An aside, I looked at margin.at, which is doing the annotations everywhere thing. But it seems to have no moderation system, doesn't allow replies to annotations, doesn't even allow editing or deleting your annotations right now. Why is this being built as a separate system with its own half-baked comment component instead of embedding an existing high quality discussion system from elsewhere in the atmosphere? Because atproto isn't the kind of protocol that even aspires that level of composability and also because nothing in the ecosystem as it stands has a good discussion system.
Henry Stanley 🔸 @ 2026-02-18T14:19 (+3)
Is there a risk of boiling the ocean here?
The 'community notes everywhere' proposal seems easy enough to build (I've been hacking away at a Chrome extension version of it). I'm not sure it makes sense to wait for personal computing to change fundamentally before trying to attempt this.

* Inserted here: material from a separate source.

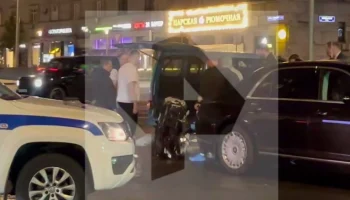 Автомобиль Aurus с Леонидом Слуцким столкнулся с мотоциклистом в центре Москвы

I agree that distribution is an issue, which I'm not sure how to solve. One approach might be to have a core group of users onboarded who annotate a specific subset of pages - like the top 20 posts on Hacker News - so that there's some chance of your notes being seen if you're a contributor. But I suppose this relies on getting that rather large core group of users (e.g. HN readers) to start using the product.
Alternatively you build the thing and hope that it gets adopted in some larger way, say it gets acquired by X if they want to roll out community notes to the whole web.